Active Cluster Guide > Handling Active Cluster Errors > Troubleshooting > A Cluster Node Is DISCONNECTED
 
A Cluster Node Is DISCONNECTED
A DISCONNECTED node might require intervention:
A Cluster Node Goes Offline
A Cluster Node Is Busy and Does Not Respond
Nodes Have Been Partitioned into Subgroups
A Node Has Been Evicted Due to Metadata Conflicts
A Cluster Node Goes Offline
If a cluster node is rebooted, disconnected, or taken offline, its status changes to DISCONNECTED from the view of the remaining nodes. When the cluster node comes back up, it automatically rejoins and is resynchronized. However, the cluster node cannot rejoin the cluster if while the node was disconnected the node’s metadata and the cluster metadata were modified. To rejoin the node to the cluster, follow the procedure in Adding a TDV Server to an Active Cluster.
A Cluster Node Is Busy and Does Not Respond
Each node generates a heartbeat that alerts the cluster on base port plus seven (for example, 9407) that the node is still connected. If a node fails to generate a heartbeat within a designated period, the node is temporarily disconnected from the cluster. When the busy node next sends its heartbeat, the other nodes reject it, prompting the busy node to reset its cluster connections and attempt to resynchronize and push its changes to the cluster. However, if metadata changes are in conflict, the node is removed from the cluster. See A Node Has Been Evicted Due to Metadata Conflicts for more information.

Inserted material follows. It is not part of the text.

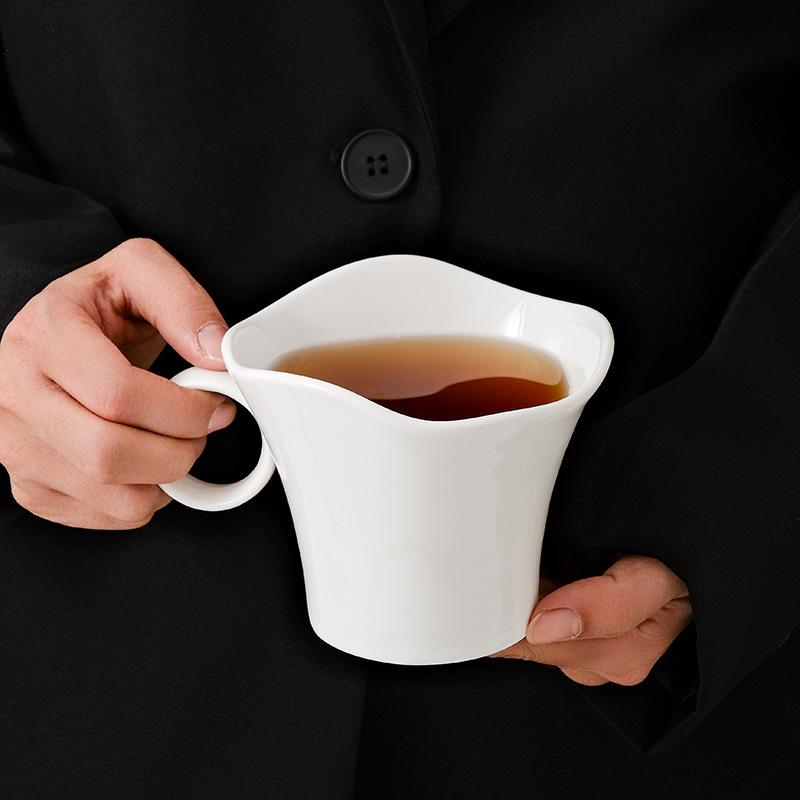 Ceramic Milk Cup Coffee Cup Couple Cup Black And White Solid Color High Value Underglaze Color Personalized High Value
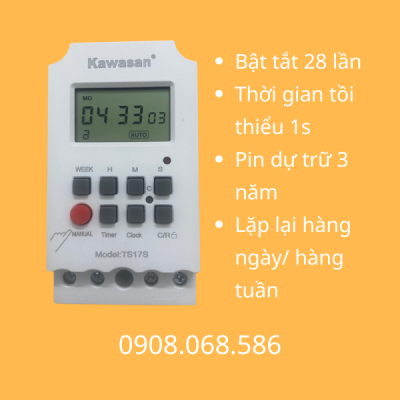 CÔNG TẮC ĐỒNG HỒ ĐIỆN TỬ (TIMER) TS17S CÓ PIN DỰ TRỮ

The cluster node can rejoin the cluster by following the procedure in Adding a TDV Server to an Active Cluster. However, because joining a cluster wipes all metadata in the joining node, you might need to make your changes again if you want them to be reflected in the cluster.
Nodes Have Been Partitioned into Subgroups
If connection failures occur, the network topology and configuration might cause the cluster to be partitioned into subgroups. For example, if some nodes are connected to the cluster through a common, failed router, those nodes could become a cluster subgroup. The DISCONNECTED status of the cluster nodes in Manager can help to troubleshoot this type of event.
For example, in a five-node cluster with nodes A through E, if D and E are simultaneously disconnected, two subgroups might be formed, each with its own timekeeper: A, B, and C in one, and D and E in the other. In Manager, all cluster nodes in both groups would be visible. The status of the subgroup nodes D and E would appear as DISCONNECTED from nodes A, B, and C. The status of nodes A, B, and C would appear as DISCONNECTED from nodes D and E.
During partitioning, changes can be made in each cluster group. When connections are successfully re-established, the two subgroups are automatically merged and the metadata synchronized, if there are no metadata conflicts. The original timekeeper would again become the timekeeper for the merged cluster.
See A Node Has Been Evicted Due to Metadata Conflicts for more information.
A Node Has Been Evicted Due to Metadata Conflicts
Situations can occur where metadata changes are in conflict. For example:
Nodes are out of sync because the cluster was partitioned, and metadata changes happened in both partitions.
In such a case, the partition with the original timekeeper prevails and the nodes belonging to the other partitions are removed from the cluster. (A partition can contain just one node.)
Nodes are out of sync because each is modified in the absence of the other.
The presence of a third active node in these scenarios would prevent the conflict from happening, because the third node would propagate the changes to.
Typically, the node that is out of sync is automatically evicted from the cluster, and all sessions are terminated. If a node is automatically evicted, review the server and cluster logs to find the cause and resolve it.